I use Google Gemini Pro. I’ll post the most recent prompt I’m using here, but its always changing, suggestions for improvements are always welcome: See here: Using AI for Health and Longevity and Research - Your Favorite Prompts - #87 by RapAdmin

Interesting - so you used a an angiotensin receptor blocker and felt that it reversed your LVH alone? Am I following that correctly? Or were there a bunch of changes that you feel contributed to this?

I was also taking empagliflozin for most of that time (recently stopped in order to get hematocrit under control). I just started an ARB about 6 months ago (first irbesartan and now telmisartan 80mg QD). So the LVH reversed despite high testosterone (which I wasn’t even taking at baseline) significantly increased weight training and minimal cardio, all of which would have been expected to exacerbate LVH.

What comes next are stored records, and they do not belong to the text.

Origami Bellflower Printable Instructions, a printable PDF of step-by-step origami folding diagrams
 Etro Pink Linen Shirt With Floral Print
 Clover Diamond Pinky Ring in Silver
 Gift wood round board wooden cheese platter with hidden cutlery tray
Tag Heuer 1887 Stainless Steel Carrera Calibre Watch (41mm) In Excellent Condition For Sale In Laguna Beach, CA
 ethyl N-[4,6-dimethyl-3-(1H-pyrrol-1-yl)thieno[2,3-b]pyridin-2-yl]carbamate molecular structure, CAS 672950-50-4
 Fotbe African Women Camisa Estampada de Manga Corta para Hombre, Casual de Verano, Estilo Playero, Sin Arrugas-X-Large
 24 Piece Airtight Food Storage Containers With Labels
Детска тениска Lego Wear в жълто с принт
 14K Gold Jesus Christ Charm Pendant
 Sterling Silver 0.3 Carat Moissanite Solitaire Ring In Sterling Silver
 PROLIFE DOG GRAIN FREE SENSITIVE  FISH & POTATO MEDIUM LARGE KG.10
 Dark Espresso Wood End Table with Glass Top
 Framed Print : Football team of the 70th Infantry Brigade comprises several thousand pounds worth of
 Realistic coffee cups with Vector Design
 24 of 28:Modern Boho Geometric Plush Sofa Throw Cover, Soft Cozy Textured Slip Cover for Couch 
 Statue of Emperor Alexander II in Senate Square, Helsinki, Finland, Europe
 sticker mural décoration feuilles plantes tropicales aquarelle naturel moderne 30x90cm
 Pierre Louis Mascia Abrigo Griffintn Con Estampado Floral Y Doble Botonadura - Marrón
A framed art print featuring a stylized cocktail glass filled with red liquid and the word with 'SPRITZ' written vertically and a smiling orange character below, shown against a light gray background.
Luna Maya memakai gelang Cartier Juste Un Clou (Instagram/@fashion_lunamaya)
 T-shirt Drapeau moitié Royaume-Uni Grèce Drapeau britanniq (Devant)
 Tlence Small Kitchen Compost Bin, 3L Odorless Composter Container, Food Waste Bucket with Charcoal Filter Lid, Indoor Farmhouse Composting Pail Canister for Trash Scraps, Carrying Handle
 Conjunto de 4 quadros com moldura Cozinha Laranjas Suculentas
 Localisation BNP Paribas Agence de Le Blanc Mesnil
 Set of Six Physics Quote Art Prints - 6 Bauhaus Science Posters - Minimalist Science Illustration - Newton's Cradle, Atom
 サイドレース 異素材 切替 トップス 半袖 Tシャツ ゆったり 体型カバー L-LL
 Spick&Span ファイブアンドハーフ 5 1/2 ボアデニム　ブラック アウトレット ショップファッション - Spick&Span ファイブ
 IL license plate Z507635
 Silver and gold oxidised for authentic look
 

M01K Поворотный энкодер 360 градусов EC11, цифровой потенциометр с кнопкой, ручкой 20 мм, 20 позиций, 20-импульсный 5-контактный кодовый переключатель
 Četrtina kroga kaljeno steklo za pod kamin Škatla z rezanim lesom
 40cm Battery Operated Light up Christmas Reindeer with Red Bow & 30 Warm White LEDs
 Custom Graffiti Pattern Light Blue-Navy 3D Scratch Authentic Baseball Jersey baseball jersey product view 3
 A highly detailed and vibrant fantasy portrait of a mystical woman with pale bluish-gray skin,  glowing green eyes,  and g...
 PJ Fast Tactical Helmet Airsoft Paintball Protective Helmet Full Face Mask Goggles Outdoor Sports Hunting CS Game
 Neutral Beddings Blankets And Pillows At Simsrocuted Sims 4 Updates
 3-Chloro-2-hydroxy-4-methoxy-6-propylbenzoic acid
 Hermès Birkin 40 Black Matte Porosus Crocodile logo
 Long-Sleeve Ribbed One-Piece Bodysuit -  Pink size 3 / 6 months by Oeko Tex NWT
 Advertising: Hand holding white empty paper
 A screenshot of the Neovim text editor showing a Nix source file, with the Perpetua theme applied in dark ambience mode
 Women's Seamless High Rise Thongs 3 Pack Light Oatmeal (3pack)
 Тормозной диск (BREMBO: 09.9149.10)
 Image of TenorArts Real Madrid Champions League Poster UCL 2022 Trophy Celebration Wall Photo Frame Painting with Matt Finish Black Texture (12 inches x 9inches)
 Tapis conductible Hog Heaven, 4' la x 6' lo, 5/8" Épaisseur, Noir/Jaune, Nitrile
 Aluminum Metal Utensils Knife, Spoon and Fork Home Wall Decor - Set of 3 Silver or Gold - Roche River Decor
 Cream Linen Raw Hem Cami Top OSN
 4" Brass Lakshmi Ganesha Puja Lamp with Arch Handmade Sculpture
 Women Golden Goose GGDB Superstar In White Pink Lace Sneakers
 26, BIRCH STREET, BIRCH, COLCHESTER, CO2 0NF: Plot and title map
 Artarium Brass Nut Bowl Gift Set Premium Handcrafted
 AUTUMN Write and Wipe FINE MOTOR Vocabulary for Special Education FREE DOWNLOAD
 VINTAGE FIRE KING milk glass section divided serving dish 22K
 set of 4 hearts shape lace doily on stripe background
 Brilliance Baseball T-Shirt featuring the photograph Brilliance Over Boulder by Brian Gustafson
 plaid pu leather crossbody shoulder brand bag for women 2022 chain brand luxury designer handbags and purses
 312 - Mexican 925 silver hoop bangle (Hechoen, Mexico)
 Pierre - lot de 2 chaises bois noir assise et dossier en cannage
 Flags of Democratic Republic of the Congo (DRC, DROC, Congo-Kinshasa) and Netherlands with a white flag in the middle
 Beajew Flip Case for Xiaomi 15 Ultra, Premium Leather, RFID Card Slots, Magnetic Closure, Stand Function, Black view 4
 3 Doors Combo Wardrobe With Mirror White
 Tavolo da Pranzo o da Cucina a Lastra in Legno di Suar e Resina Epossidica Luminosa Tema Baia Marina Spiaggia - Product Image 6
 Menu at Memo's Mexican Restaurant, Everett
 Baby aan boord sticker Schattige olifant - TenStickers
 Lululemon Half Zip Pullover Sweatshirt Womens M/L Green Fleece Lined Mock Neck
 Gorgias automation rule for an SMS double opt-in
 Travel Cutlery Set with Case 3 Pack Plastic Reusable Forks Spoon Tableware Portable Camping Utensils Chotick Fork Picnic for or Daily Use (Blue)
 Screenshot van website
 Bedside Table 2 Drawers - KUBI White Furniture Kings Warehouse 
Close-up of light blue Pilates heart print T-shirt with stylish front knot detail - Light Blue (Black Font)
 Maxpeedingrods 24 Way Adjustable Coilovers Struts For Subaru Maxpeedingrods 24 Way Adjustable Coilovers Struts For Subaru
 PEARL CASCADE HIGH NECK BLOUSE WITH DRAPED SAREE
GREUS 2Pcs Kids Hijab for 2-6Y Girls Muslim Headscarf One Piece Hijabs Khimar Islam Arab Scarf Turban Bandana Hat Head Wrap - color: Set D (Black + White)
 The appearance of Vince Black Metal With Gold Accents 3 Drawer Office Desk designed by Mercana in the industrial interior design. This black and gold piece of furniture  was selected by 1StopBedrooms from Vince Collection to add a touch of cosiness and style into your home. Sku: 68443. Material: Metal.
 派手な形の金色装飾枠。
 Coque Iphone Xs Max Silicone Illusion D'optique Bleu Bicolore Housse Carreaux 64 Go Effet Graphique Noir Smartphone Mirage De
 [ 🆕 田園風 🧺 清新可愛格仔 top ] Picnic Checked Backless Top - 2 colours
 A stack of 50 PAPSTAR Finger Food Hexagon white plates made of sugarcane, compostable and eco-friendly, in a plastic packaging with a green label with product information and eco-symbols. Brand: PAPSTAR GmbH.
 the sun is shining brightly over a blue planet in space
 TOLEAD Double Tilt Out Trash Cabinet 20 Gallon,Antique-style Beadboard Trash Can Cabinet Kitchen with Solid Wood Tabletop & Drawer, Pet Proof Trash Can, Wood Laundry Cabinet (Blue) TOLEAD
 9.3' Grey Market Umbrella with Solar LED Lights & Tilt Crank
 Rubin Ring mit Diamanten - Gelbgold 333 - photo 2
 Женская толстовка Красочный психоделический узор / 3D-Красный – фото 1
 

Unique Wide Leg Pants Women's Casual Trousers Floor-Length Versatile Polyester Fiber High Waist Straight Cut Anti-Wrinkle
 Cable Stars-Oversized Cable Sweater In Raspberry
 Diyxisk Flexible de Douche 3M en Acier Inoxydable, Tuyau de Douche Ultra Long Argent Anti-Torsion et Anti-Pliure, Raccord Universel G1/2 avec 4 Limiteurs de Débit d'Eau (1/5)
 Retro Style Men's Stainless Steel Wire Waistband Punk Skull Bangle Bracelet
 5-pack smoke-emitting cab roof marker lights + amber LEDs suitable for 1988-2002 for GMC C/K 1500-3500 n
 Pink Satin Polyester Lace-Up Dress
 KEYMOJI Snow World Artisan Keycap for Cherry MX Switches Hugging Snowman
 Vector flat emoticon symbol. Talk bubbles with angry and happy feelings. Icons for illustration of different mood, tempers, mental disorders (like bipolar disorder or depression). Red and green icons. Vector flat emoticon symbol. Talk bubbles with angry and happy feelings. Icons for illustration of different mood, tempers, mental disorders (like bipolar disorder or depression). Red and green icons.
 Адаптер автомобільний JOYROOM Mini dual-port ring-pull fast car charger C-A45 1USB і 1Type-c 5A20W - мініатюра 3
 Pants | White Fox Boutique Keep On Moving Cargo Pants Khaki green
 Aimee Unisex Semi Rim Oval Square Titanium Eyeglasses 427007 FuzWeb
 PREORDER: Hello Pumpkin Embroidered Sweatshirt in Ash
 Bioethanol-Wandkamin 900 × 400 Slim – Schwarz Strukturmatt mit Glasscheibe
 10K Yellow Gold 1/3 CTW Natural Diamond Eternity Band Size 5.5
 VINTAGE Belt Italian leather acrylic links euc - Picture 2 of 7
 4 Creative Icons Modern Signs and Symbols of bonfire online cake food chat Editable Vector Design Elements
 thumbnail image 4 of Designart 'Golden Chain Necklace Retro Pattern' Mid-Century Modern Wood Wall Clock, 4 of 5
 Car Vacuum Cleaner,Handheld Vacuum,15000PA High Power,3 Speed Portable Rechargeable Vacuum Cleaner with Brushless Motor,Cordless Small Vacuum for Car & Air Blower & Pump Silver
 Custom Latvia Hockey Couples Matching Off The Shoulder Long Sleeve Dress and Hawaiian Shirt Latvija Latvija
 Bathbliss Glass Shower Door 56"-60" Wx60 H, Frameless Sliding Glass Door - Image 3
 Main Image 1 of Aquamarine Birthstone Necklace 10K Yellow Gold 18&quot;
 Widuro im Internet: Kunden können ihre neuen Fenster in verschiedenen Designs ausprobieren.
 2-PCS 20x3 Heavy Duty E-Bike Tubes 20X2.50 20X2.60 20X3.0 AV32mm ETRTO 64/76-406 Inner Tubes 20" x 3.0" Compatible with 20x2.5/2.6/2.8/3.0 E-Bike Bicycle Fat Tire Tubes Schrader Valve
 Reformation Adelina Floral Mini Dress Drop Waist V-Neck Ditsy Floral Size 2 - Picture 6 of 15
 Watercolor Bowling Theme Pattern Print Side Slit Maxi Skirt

It looks like the combo of SGLT2I and ARB is an amazing 1-2 punch for LVH, but the hematocrit elevation from SGLT2I and testosterone should be taken very seriously. See my post in the SGLT2 thread on a new study.

So… I should take telmisartan with my eventual TRT? I’ve more or less decided to hop on it, for quality of life reasons if nothing else.

I can’t tell you what you should do because that’s between you and your medical provider, but it’s a combination that seems to work well for a lot of people. Telmisartan helps control blood pressure, reduces risk of LVH, has other potential positive metabolic and health benefits, and even has a small effect on lowering hematocrit, all with a relatively low risk of side effects. My PCP had no problems prescribing it for me.